Meanwhile, the American New Left, concentrated on college and university campuses, was rapidly changing the country’s political culture. It was motivated by social injustices, the opposition to the war in Vietnam, and the civil rights movement in the segregationist South.
Starting with the April 1960 founding of the Fair Play for Cuba Committee, which supported the new Cuban revolution against attacks by the U.S. government, by the end of the decade the movement, much of it Marxist, was a major force in American life.
Students for a Democratic Society (SDS) was also created in 1960. Two years later its members met in Port Huron, Michigan and drafted the Port Huron Statement.
In it, SDS criticized American society and described how universities should be at the centre of activities to establish a “participatory democracy.” With the escalation of the Vietnam War, SDS grew rapidly and organized massive marches and “teach-ins” across the country.
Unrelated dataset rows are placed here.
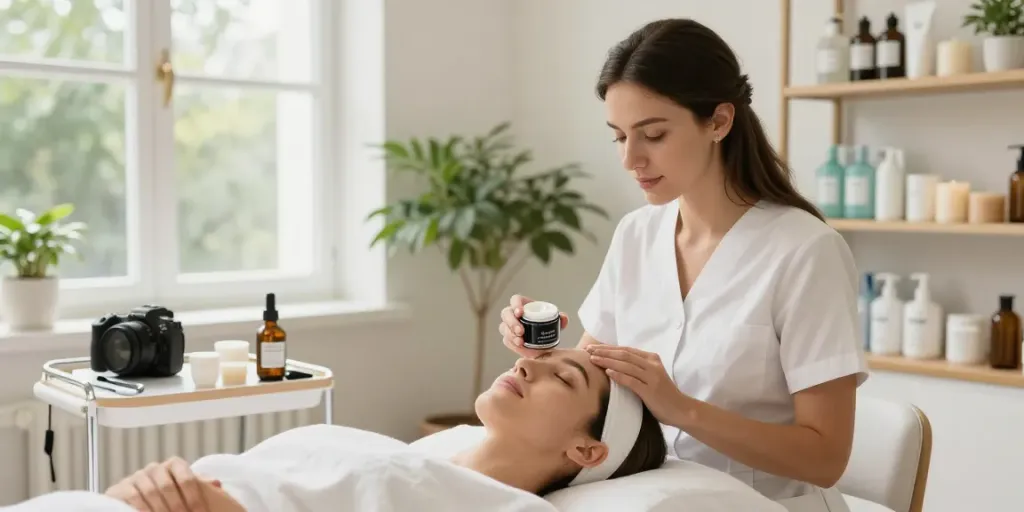 لایه‌ای از اسید استئاریک در فرایند مراقبت از پوست در یک سالن زیبایی مدرن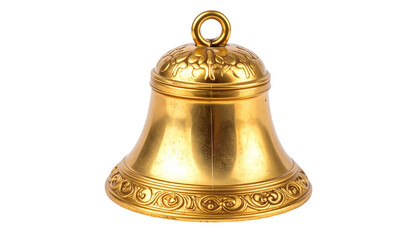 A detailed, golden bell with a decorative top, ornate base, and attached ring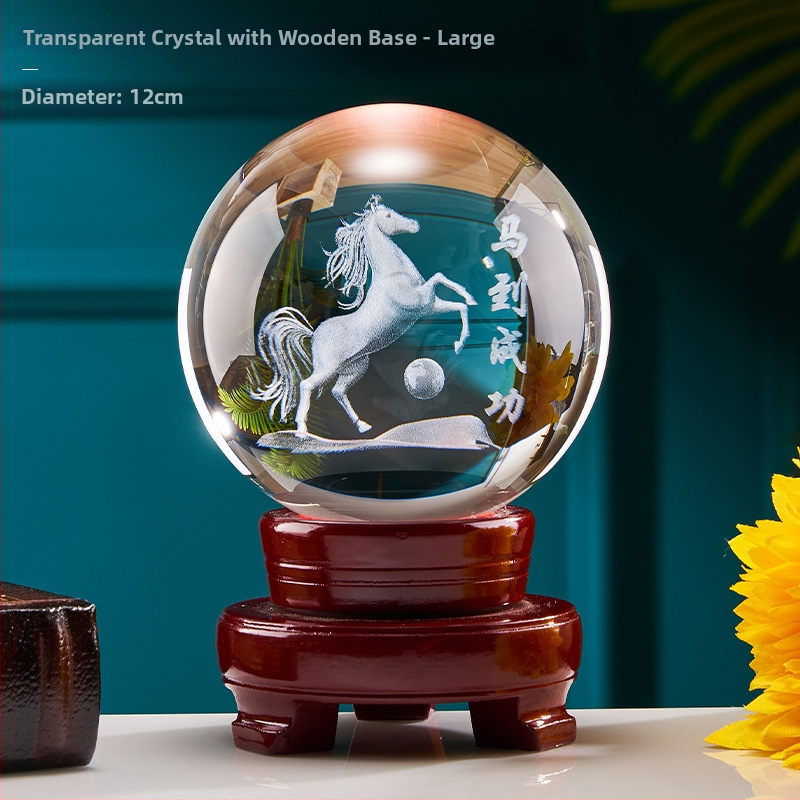 Drakona gada kristāla bumba dekors dzīvojamai istabai, Gravēšana, Ķīniešu stils, Bez pielāgošanas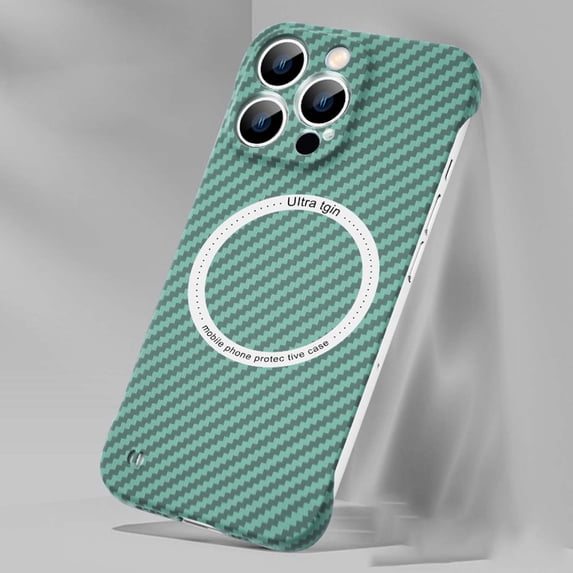 Allytech for iPhone 11 Pro Max Case Compatible with Magsafe, Carbon Fiber Texture Anti-Drop, Anti Fingerprints Scratch, Slim Fit Shockproof Phone Case for iPhone 11 Pro Max,Green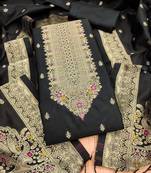black zari woven banarasi dress materials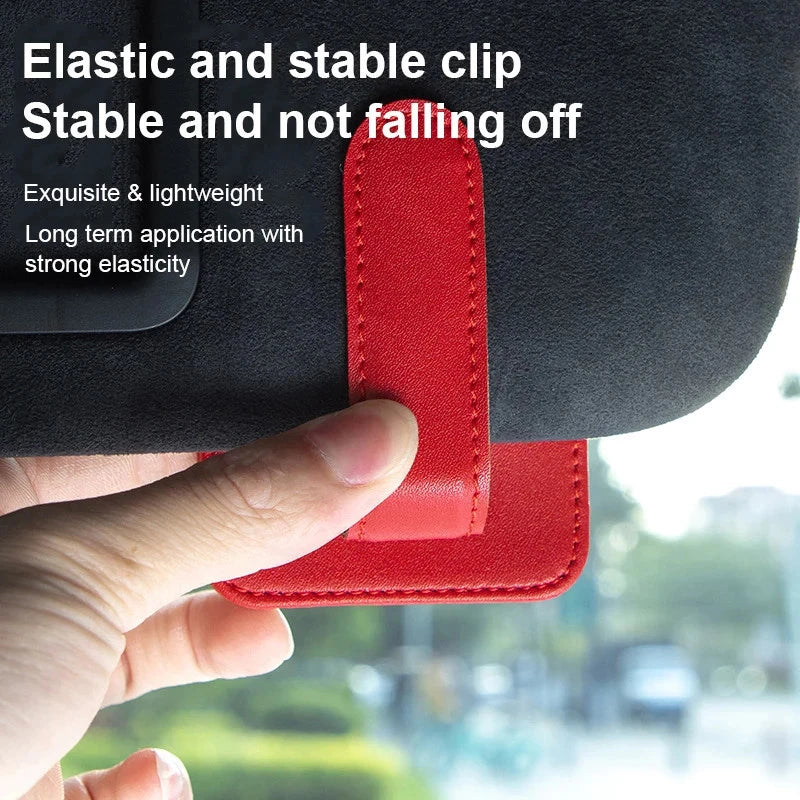 Car Sun Visor Sunglasses Holder | Magnetic PU Leather Glasses Clip with Card Organizer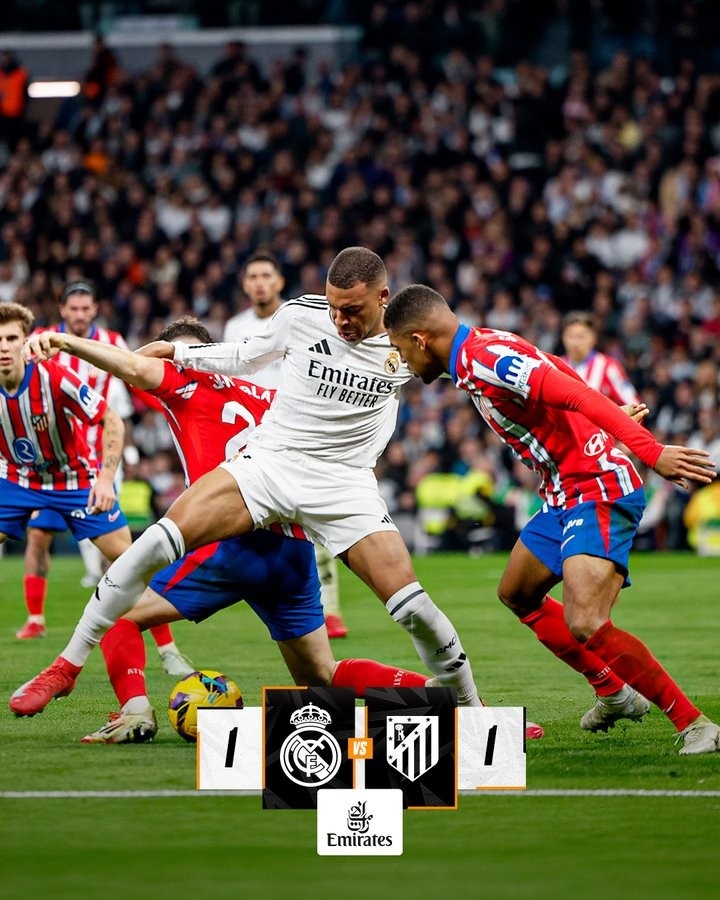  馬德里德比自1980年以來(lái)首次3連平，歷史首次連續(xù)3場(chǎng)1-1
There was also a much wider “counter-cultural” movement. On Aug. 15-18, 1969 about 400,000 people gathered in upstate New York for the Woodstock concert. Bob Dylan didn’t participate, but the lyrics to his 1964 song “The Times They Are a-Changing” summed up the spirit of the event. It indeed seemed that the “winds of change” were unstoppable.
No doubt, had people that year been asked what the world would look like 45 years later, many would have assumed, given the momentum unleashed in the decade, that by 2014 there would be human colonies on Mars (and maybe even farther in space), and that America would be governed by progressives who had introduced some form of socialist egalitarianism.
In fact the reverse happened.
Apollo 17 and was the sixth and last landing of humans on the Moon, in December 1972. There have been no humans there for 42 years now, let alone elsewhere in the solar system.
Even NASA’s space shuttle program ended in 2011, and so – irony of ironies – because America lost its own capacity to send people into space, the only way for its astronauts to get to and from the International Space Station is by way of the Russian Soyuz capsule and Russian rockets.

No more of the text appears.